This repository is accompanies “Pattern-Based Clustering of Daily Weigh-In Trajectories using Dynamic Time Warping” (DOI : 10.1111/biom.13773). The aim of the paper was to use Dynamic Time Warping, a shape-based clutering method, to cluster binary trajectories and evaluate patterns. Study data is not made publically available, however simulated data to resemble the study data is used and shared in this repository.
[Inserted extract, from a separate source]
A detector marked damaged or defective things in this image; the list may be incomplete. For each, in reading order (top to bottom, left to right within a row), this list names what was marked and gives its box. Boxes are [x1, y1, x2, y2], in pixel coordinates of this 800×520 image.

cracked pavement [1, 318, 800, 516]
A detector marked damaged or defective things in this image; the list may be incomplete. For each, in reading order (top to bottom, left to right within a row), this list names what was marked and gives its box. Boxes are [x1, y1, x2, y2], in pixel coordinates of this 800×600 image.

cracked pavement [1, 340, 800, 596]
We first load necessary libraries and source files that clean the study data that is used to simulate clusters. The simulated dataset can be accessed in the Data/DataSimulated folder.
### Libraries
library(tidyverse)
library(ggplot2)
library(dtwclust) # cluster time series with dynamic time warping
library(ecodist) # distance function for jaccard
library(kableExtra)
### Source files
source("Code/01_CleanStudyData.R")
source("Code/02_SimulateClusters.R")
We plot the binary adherence of each participant stratified by their true cluster assignment. In the plot below, black indicates a day in which the participant did not weigh in while yellow indicates a day in which the participant did weigh in. The plot is sorted by overall % adherence, with lowest adherence on the bottom.
#### Sort by % adherence
source("Code/ClusterHeatmap.R")
ggplot(sim_plot, aes(x = day, y = participant_id, fill = weighed_in)) +
geom_tile() + ggtitle("True Data Clusters and Mean Adherence %") +
theme(plot.title = element_text(hjust = 0.5)) +
scale_fill_viridis(discrete = TRUE, option="A") +
facet_wrap(~cluster_assignment, scales = "free", ncol = 5)
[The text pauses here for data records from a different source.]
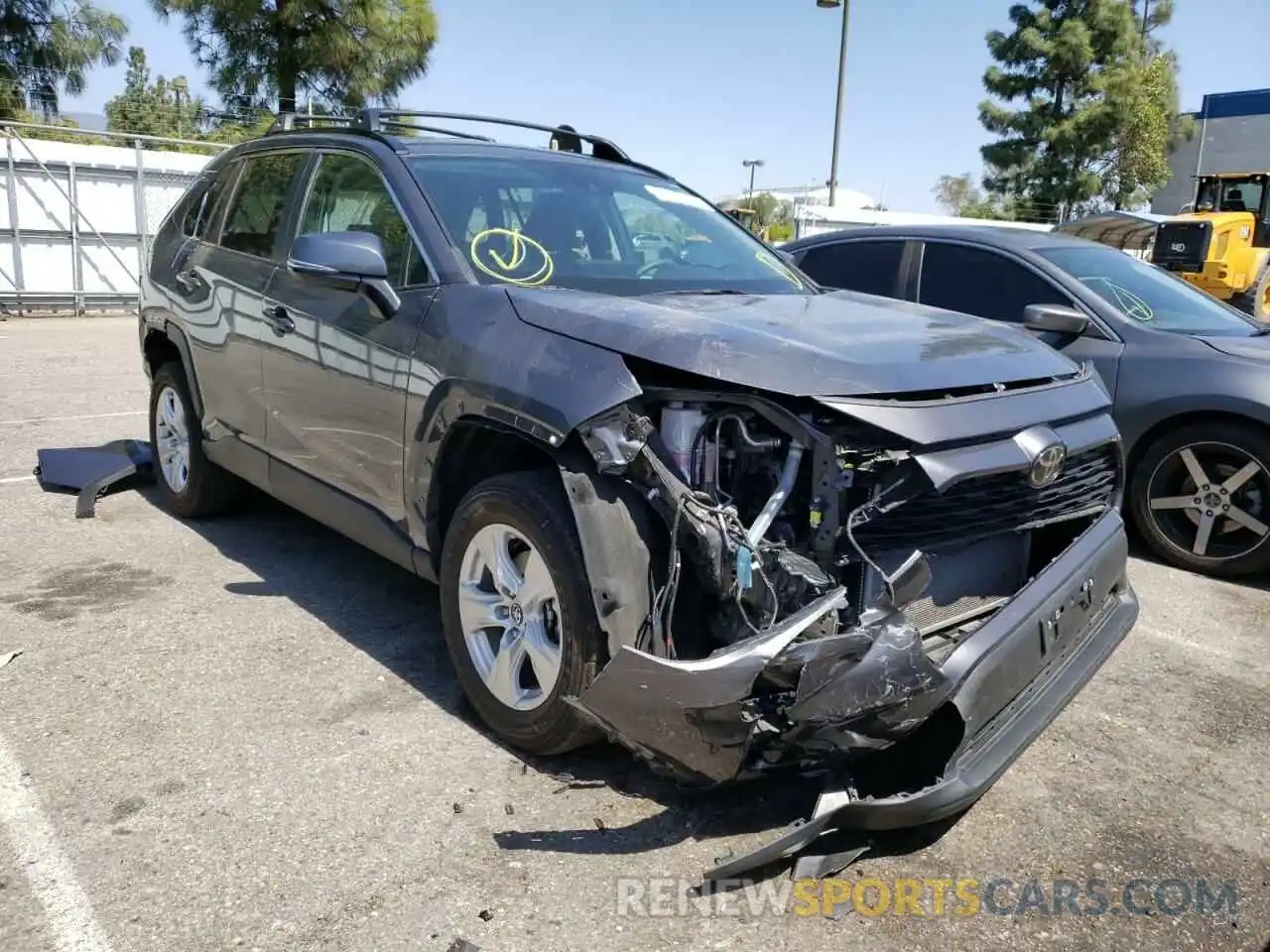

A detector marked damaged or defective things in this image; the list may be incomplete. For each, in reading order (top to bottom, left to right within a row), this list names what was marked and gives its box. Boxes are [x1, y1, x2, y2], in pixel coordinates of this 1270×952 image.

detached bumper piece [33, 440, 154, 516]
damaged toyota rav4 [139, 108, 1143, 829]
crumpled hood [506, 286, 1080, 399]
crumpled hood [1191, 335, 1270, 365]
detached bumper piece [564, 508, 1143, 881]
crushed front bumper [568, 506, 1143, 825]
We use the Euclidan, Jaccard, and DTW distances in the paper to cluster on our binary data and a rolling probability window of the binary data.
### Using binary data
jac_dist <- distance(adherence_mat, method = 'jaccard')
dtw_dist <- dist(adherence_mat, method = 'dtw')
euc_dist <- distance(adherence_mat, method = 'euclidean')
The RollAvg.R code file provides a roll_avg
function that requires the
binary adherence matrix and a rolling window size. In this example we
calculate a 14-day rolling probability window.
### Using continuous data
source("Code/RollAvg.R")
roll_mat = roll_avg(adherence_mat, window = 14) # window size can be adjusted
jac_dist_roll <- distance(roll_mat, method = 'jaccard')
dtw_dist_roll <- dist(roll_mat, method = 'dtw')
euc_dist_roll <- distance(roll_mat, method = 'euclidean')
In the paper, we cluster under the average, single, complete, and Ward linkages. In this example, we cluster using the average linkage with the DTW distance using a 14-day rolling probability window. We define 5 clusters and the dendrogram below visualizes how the clusters are determined.
### Method can be specified as 'average', 'single', 'complete', or 'Ward'
### Provide the distance matrix you want to cluster
clust <- hclust(dtw_dist_roll, method = "average")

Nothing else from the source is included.